- **Try it**:
Write out the entries below exactly, but only from the line containing "JAPANESE KIMONO /" through the line containing "368 Calhoun St, Gary, IN 46406 photo 4", and without the pictures.

Top of Records provided

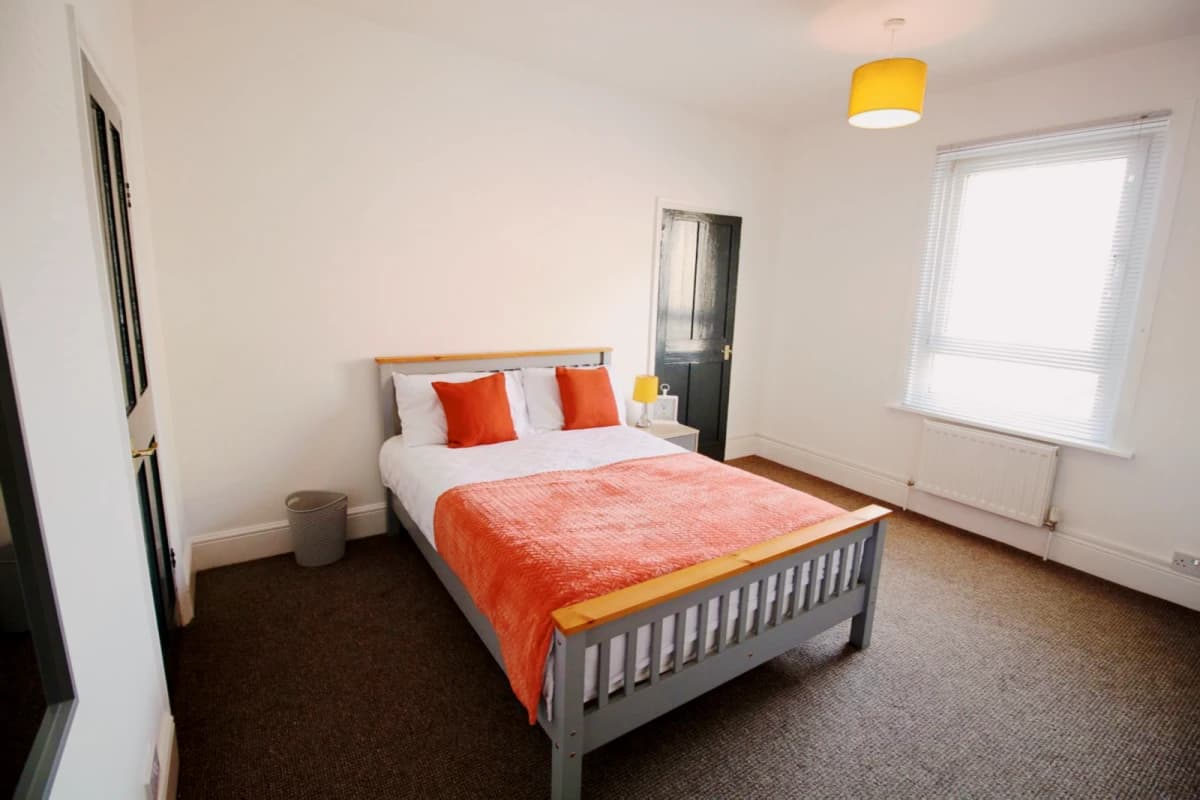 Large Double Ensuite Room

Bottom of Records provided
Top of Records provided

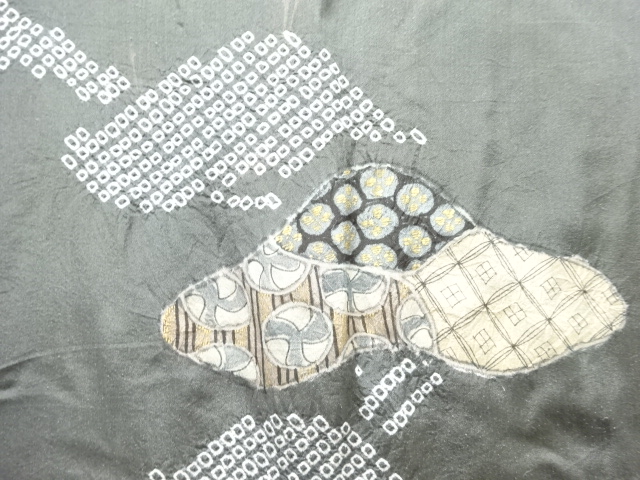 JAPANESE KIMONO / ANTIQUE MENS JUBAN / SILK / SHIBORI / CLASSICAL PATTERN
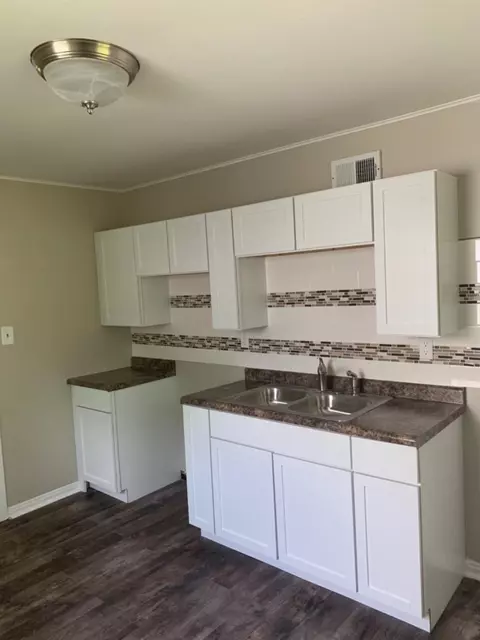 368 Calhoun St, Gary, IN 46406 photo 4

Bottom of Records provided

- **Task solution**:
 JAPANESE KIMONO / ANTIQUE MENS JUBAN / SILK / SHIBORI / CLASSICAL PATTERN
 368 Calhoun St, Gary, IN 46406 photo 4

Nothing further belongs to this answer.